Sebelumnya, salah satu tokoh NU juga mengecam Liberalisme. Pada 26 Oktober 2008 Ketua Pengurus Cabang Istimewa Nahdlatul Ulama (PCINU) Inggris, Dr. Aji Hermawan, MM, mengatakan budaya liberalisme yang dikembangkan kalangan muda NU sejatinya kurang sesuai dengan tradisi Islam Indonesia, karena budaya tersebut berbasis dari Barat yang sumbernya berasal dari etika Protestan.
Pernyataan tegas dua tokoh NU tersebut tampaknya merupakan ekspresi keprihatinan atas ulah anak-anak muda NU yang \`nakal\`. Beberapa intelektual muda NU memang hanyut dalam arus liberalisme agama. Ke depan, jika tidak ditanggapi serius, pemikiran anak-anak muda itu cukup membahayakan, tidak hanya bagi NU tapi juga keberagamaan di Indonesia secara umum. \"Secara perlahan-lahan hal itu akan ‘menggerogoti’ dan ‘menghabisi’ NU dari basis sosialnya\" kata Nailul Abror, Aktivis Keluarga Mahasiswa NU IPB, pada 20 september 2008 kepada NUonline.

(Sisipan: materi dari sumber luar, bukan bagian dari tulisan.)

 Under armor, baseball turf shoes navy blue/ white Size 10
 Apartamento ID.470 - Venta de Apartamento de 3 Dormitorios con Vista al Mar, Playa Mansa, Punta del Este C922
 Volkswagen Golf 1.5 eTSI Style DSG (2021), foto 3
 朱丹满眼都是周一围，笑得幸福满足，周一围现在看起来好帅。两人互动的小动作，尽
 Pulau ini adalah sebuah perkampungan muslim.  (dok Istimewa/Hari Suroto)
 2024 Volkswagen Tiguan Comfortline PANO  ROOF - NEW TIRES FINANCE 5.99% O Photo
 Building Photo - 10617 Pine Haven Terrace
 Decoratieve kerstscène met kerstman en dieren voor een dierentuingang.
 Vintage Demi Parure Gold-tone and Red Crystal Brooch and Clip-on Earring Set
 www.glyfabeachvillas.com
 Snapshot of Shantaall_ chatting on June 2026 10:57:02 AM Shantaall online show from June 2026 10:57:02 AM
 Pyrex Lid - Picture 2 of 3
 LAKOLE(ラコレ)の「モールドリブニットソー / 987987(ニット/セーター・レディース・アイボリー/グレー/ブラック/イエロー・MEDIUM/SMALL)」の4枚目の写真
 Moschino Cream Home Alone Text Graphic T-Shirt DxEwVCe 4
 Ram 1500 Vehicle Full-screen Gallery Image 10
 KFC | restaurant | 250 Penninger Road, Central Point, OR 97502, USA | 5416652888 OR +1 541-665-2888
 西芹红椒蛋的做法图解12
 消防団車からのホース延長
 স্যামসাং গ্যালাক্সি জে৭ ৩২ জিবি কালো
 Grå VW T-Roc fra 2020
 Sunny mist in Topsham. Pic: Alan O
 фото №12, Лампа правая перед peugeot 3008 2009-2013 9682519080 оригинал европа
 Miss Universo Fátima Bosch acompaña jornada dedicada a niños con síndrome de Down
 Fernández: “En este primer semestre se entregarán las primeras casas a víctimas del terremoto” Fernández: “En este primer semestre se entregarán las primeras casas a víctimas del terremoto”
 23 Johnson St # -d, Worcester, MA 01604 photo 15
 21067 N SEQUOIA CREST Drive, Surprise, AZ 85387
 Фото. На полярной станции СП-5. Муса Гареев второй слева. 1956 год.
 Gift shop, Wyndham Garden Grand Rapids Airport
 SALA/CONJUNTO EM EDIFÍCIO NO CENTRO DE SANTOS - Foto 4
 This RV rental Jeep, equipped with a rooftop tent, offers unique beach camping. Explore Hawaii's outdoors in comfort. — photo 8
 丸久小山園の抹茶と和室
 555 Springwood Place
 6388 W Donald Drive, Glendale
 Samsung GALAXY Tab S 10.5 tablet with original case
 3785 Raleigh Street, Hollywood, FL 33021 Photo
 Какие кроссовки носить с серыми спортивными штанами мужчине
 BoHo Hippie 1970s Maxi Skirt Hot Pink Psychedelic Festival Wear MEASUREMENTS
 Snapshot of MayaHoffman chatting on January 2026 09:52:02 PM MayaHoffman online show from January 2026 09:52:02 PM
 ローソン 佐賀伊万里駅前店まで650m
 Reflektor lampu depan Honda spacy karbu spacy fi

Sebagaimana dikatakan Aji Hermawan, liberalisme berbasis dari Barat. Ide liberalisme berakar sejak abad ke-17 dalam masyarakat Barat. Dan mencapai momentumnya pada tahun 1789 saat meletus Revolusi Prancis. Prinsip Egalite, Liberte dan Fraternite dalam Revolusi Prancis itu dianggap sebagai Magna Charta liberalisme.
Prinsip-prinsip itu secara umum ingin menegaskan pengingkaran terhadap otoritas Gereja dan Tuhan. Kristen dan Gereja harus disingkirkan dari urusan publik. Barat trauma, karena sebelum Revolusi, Gereja melalui lembaga Inquisisi kerap bertindak super kejam terhadap para ilmuan dan orang-orang yang dianggap berseberangan dengan doktrin Bibel. Inquisisi, bagi Barat adalah tragedi keberagamaan Kristen yang tidak boleh terulang.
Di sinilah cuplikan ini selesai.